REQUIREMENT:
When you reach the line that contains "Opel Vivaro 2004 19 DTI Opel Wierzbica", begin copying exactly and continue through the last line below. Do not copy pictures.

======== PROVIDED MATERIAL

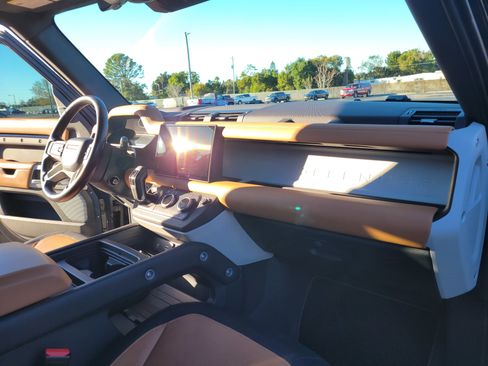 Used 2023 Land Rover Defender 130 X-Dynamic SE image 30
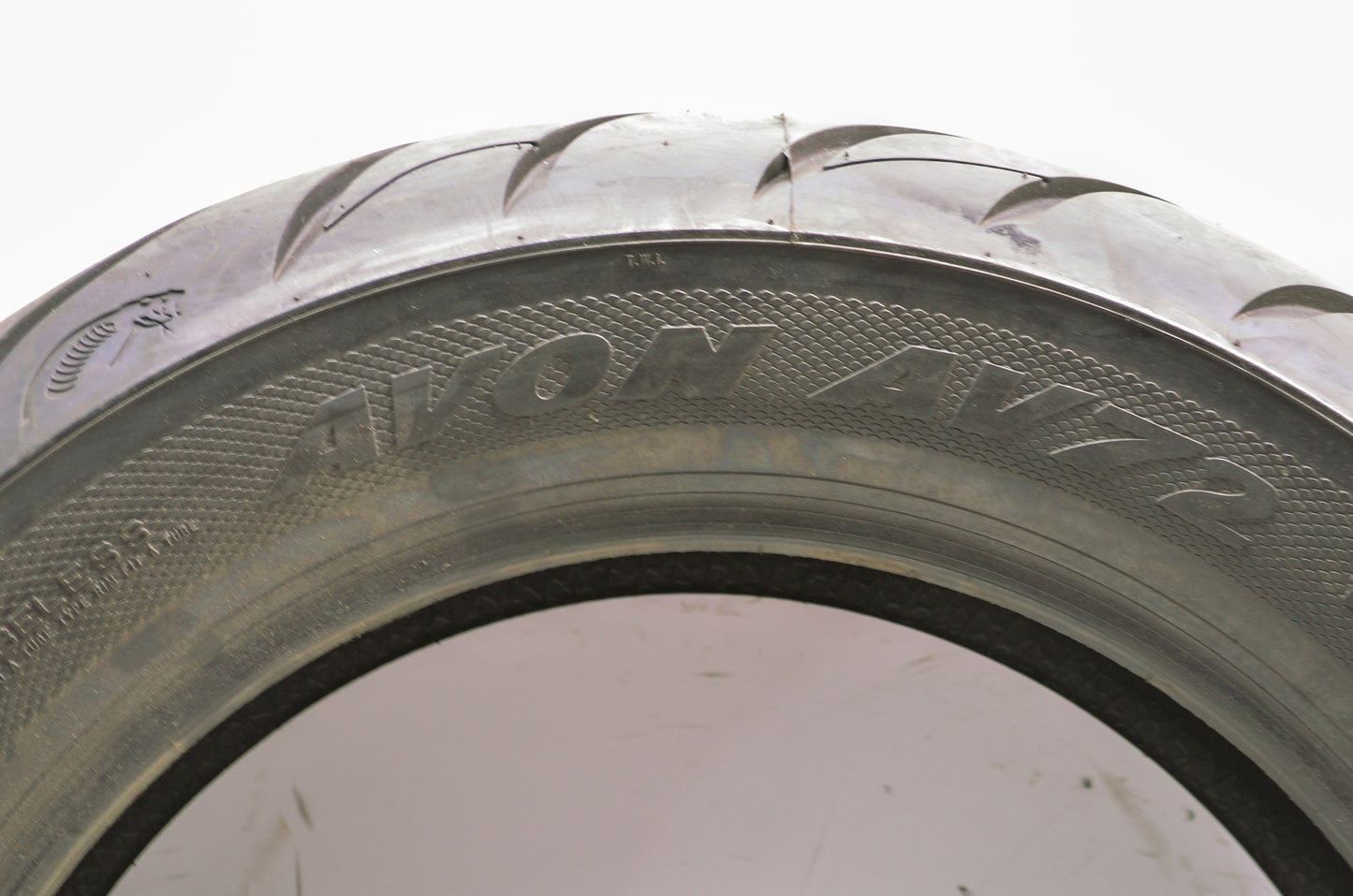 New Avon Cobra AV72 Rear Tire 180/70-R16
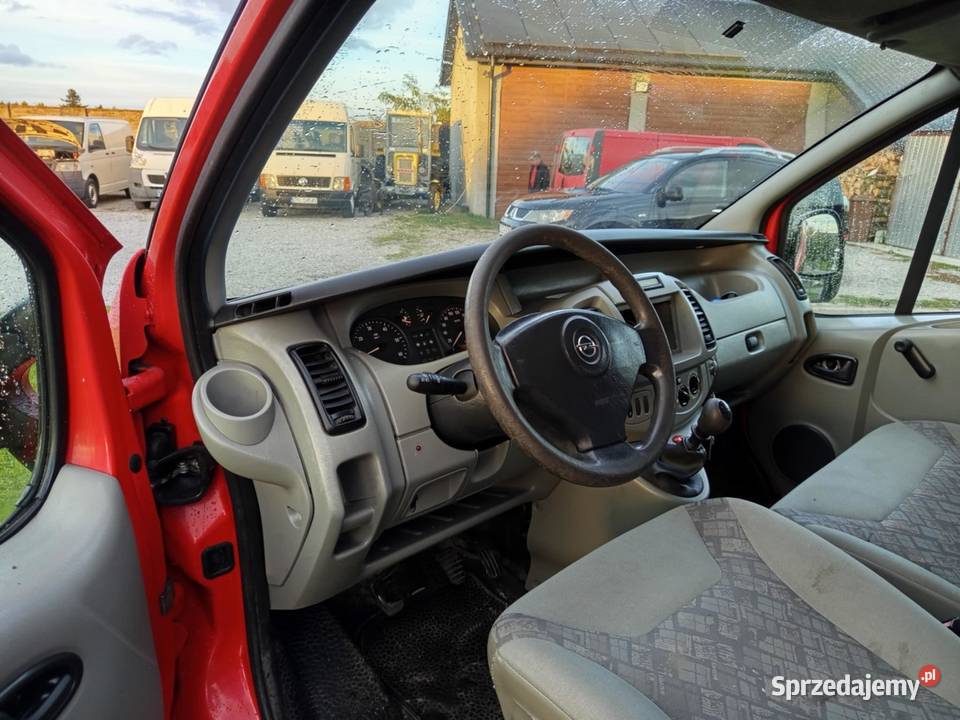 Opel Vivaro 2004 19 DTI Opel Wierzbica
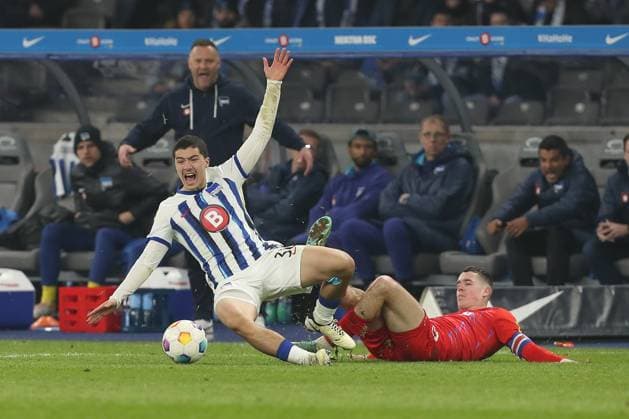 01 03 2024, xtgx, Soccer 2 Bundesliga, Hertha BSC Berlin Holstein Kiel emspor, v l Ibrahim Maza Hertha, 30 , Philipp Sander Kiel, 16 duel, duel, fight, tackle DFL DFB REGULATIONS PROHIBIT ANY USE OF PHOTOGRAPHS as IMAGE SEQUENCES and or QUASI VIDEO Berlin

================

RESPONSE:
 Opel Vivaro 2004 19 DTI Opel Wierzbica
 01 03 2024, xtgx, Soccer 2 Bundesliga, Hertha BSC Berlin Holstein Kiel emspor, v l Ibrahim Maza Hertha, 30 , Philipp Sander Kiel, 16 duel, duel, fight, tackle DFL DFB REGULATIONS PROHIBIT ANY USE OF PHOTOGRAPHS as IMAGE SEQUENCES and or QUASI VIDEO Berlin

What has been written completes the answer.